Despite the dangers, Oleg says he has no intention to leave the city. He says he hopes Russia will win the war now that the West’s support in Ukraine appears to be dwindling.

“We just need to finish them off [Kyiv’s armed forces] before they’ll do the same with us,” he says.

Zoya, the pensioner whose windows were broken, agrees.

“I really hope they’ll send that Ukrainian elite to hell so that we can live with the Ukrainian people as normal,” Zoya says.


										 					Vyacheslav Gladkov / Telegram

Vyacheslav Gladkov / Telegram

Even though Belgorod continues to pay a high price for Russia’s ongoing war against Ukraine, criticism of the invasion remains rare. 

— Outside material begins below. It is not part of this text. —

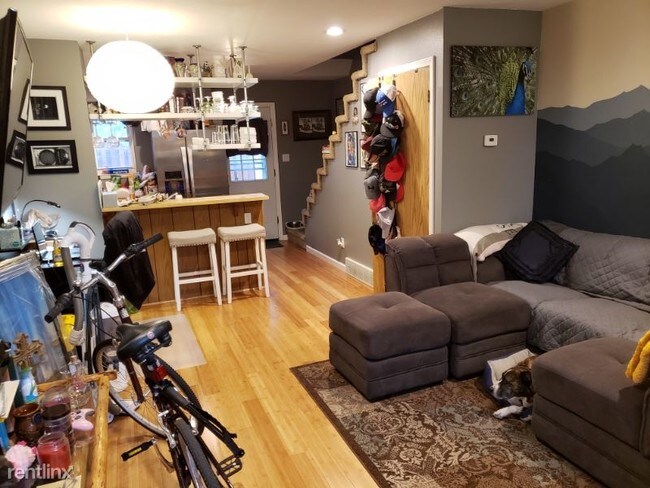 Building Photo - 1 br, 1 bath Townhome - 8821 W Floyd Avenue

“If we didn’t start it, they would have,” says Oleg, repeating the Russian propaganda narrative that claims without evidence that Kyiv, with NATO’s backing, was plotting an attack on Russia before Moscow’s February 2022 offensive. 

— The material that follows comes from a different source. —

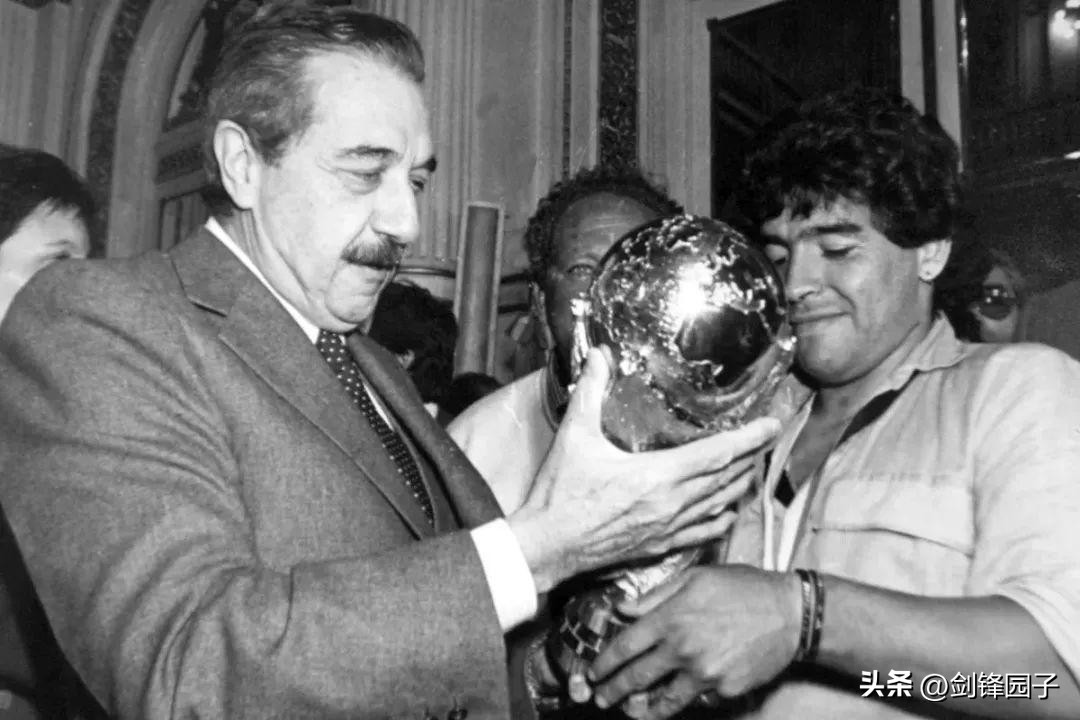 足球远离政治？其实是个伪命题——乱侃世界杯之三十七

But while only a few feel comfortable openly sharing their political views, most don’t hide their fatigue with the war. 

“You want to believe that the people in power are intelligent, that things [the war in Ukraine] are being done for some reason,” Agrifina says. “But then when you see the consequences of that — people dying — you don’t want that.”

“Let all this finish as soon as possible,” Anna echoes.